Si la justicia funcionase a golpe de sondeo o de opinión extraída de las redes sociales o de las organizaciones feministas, no habría hecho falta perder ni un solo minuto en juzgar a los encausados, puesto que éstos ya habían sido condenados. Nuestro código penal, además, se habría quedado corto, porque al 'pueblo', como a Lynch, lo que de verdad le pide el cuerpo es castrar a los violadores, y eso solo cuando reprime sus primeros instintos de anudar una soga alrededor de una rama robusta y atarle un lazo al cuello al interfecto para enviarlo al otro barrio por la vía directa, ya sea por el procedimiento de la patada al taburete, o al más clásico y peliculero de sentarlo en una montura y espolear al caballo para que salga al galope dejando a su jinete colgado del gañote y con un palmo de lengua asomando de su boca.

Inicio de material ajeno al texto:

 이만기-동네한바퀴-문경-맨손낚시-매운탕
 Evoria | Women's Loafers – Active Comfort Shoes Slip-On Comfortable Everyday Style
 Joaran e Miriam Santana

En España disfrutamos, supuestamente, de un estado democrático de derecho, lo cual supone que el poder judicial tiene su propia estructura independiente, escogiéndose la mayor parte de los jueces por medio de duros y exigentes procesos de selección que llamamos oposiciones, y en una menor porción de entre juristas de reconocido prestigio. Seguramente se podría mejorar el método de selección, pero tampoco es extraño o anormal en el concierto de las naciones.

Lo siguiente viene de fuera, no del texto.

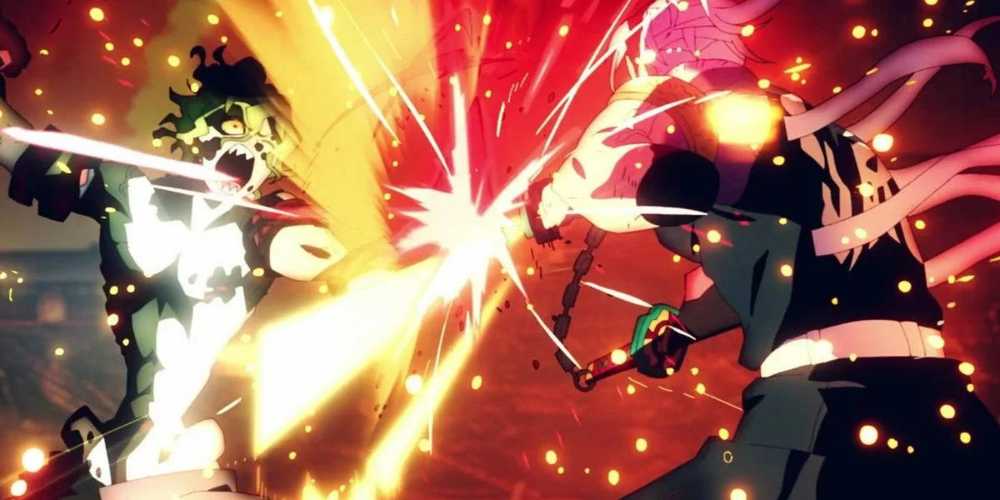 Gyutaro vs usui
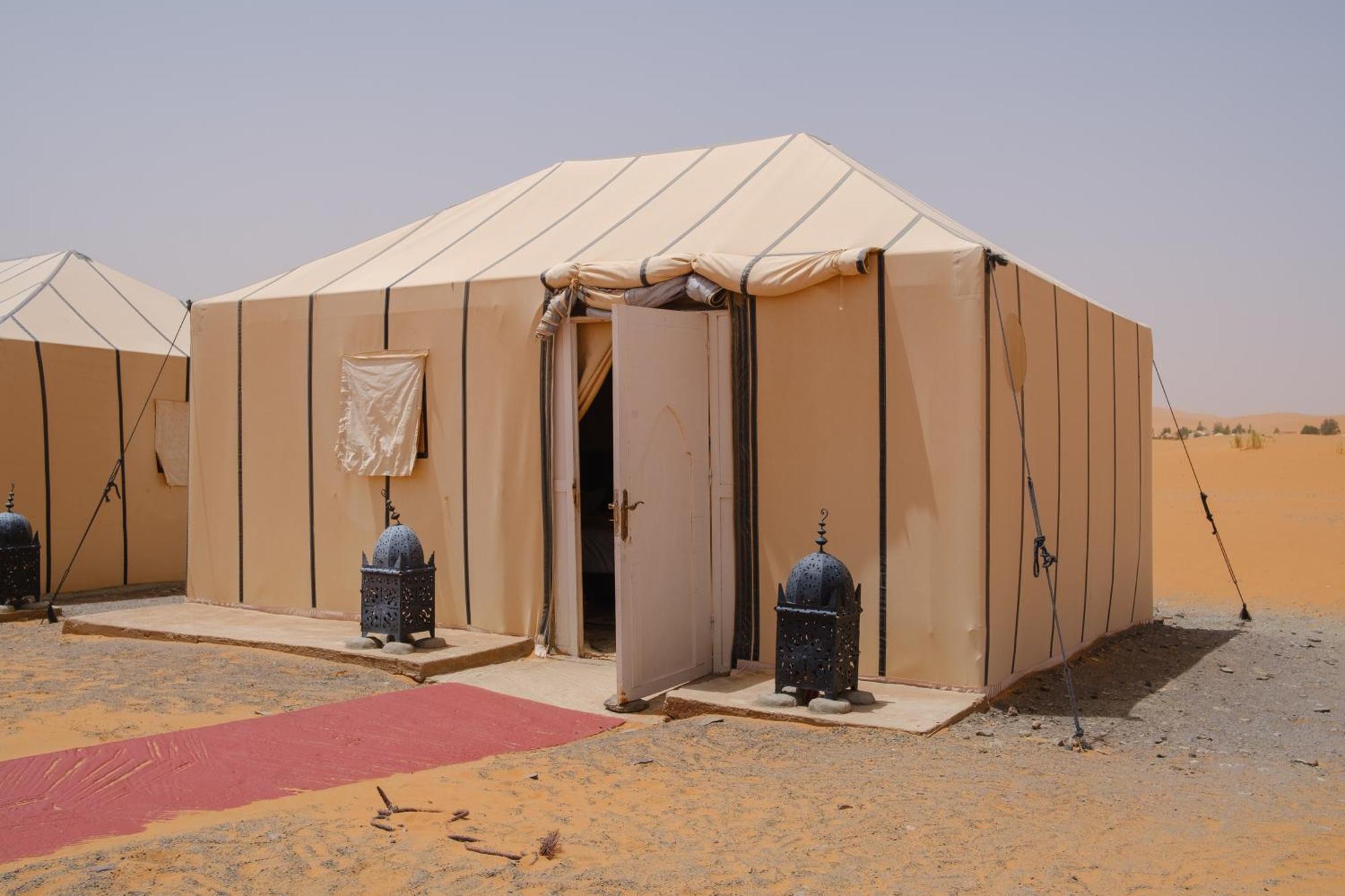 מלון מרזאוגה Camel Trips Luxury Camp מראה חיצוני תמונה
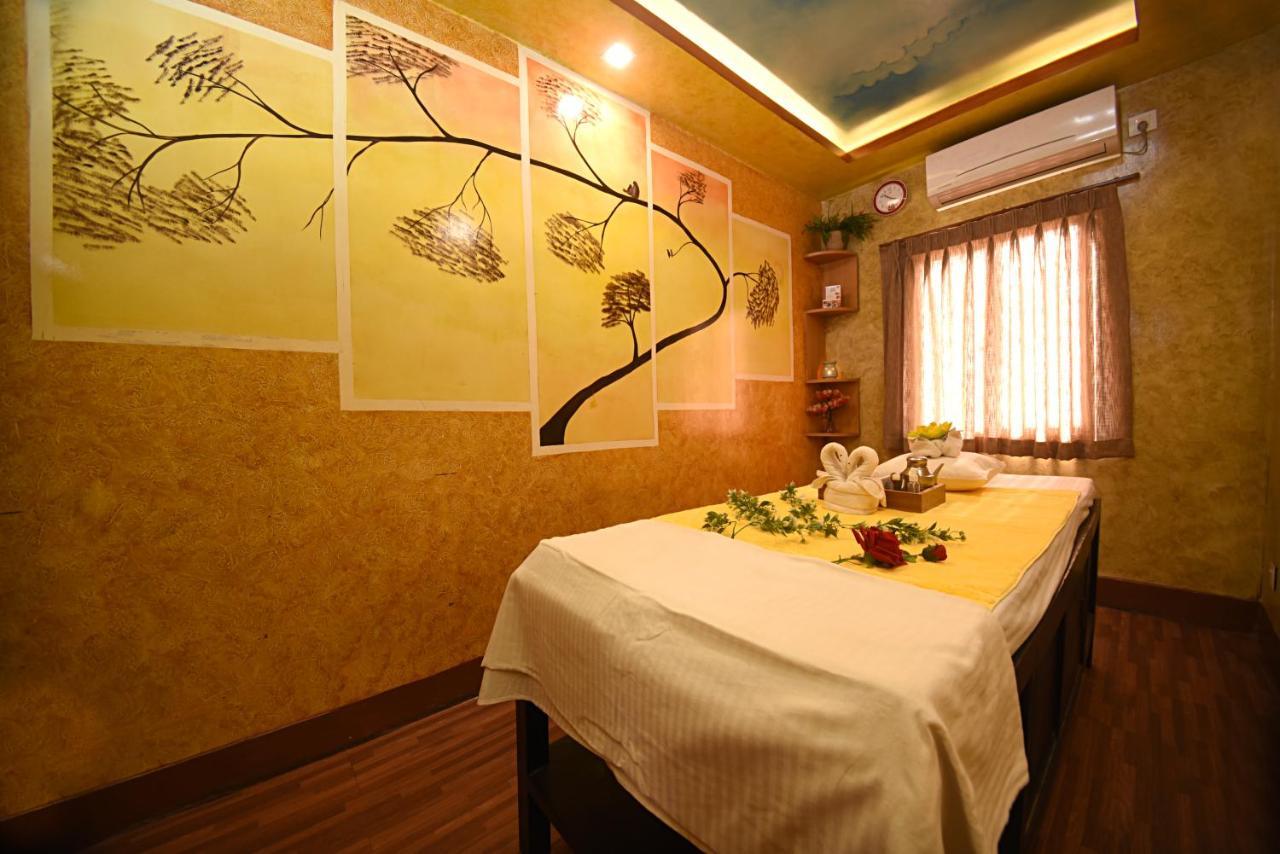 Hotel Thamel Park Kathmandu Exteriör bild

Los jueces aciertan y también se equivocan, y para eso hay la doble instancia penal, que impide que nadie vaya a prisión sin haber tenido la ocasión de que otro tribunal revise la sentencia que lo condenó. El mismo derecho tienen las partes acusadoras.
El problema de nuestro país, pues, no es la justicia formal -que tiene muchas carencias materiales, pero que funciona admirablemente si atendemos precisamente a las condiciones en que en muchas ocasiones se ve obligada a ejercer su función.
El drama es que, mientras hacen falta muchos más jueces profesionales, el número de jueces aficionados o, como dice mi compañero de despacho, de catedráticos de derecho tuitero, no deja de crecer, animados por todos aquellos apóstoles del prejuicio políticamente correcto y por aquellos líderes políticos a los que estas cuestiones siempre les huelen al dulce aroma del voto, como al ínclito Pablo Iglesias.
No he leído en su integridad la sentencia de marras porque, más allá del debate social, no me interesa enjuiciar jueces, pero estoy seguro de que éstos, con mayor o menor fortuna, han intentado aplicar el derecho penal respetando las reglas del juego -carga de la prueba, presunción de inocencia y principio in dubio pro reo-, de manera que descalificar a un juzgador profesional porque lo que él entiende que ha quedado probado no colma nuestras expectativas es un comportamiento muy parecido al de los energúmenos que insultan y amenazan a los jugadores de su propio equipo cuando éste pierde, porque los jueces, no lo duden, son de nuestro equipo, no del de los delincuentes.
En cambio, si, por ejemplo, los magistrados hubiesen dictado una sentencia absurda condenando a prisión permanente revisable a los miembros de 'la manada' solo por ser un grupo de hombres zafios y borrachos -y probablemente repulsivos- y la destinataria de sus actos lúbricos una mujer, seguramente algunos de estos hooligans de la venganza mediática se hubieran echado atrás, pero muchos otros lo celebrarían con el mismo nivel de análisis jurídico y racional que han utilizado para ciscarse en los muertos de los magistrados. Y eso que han sido condenados a nueve años de prisión.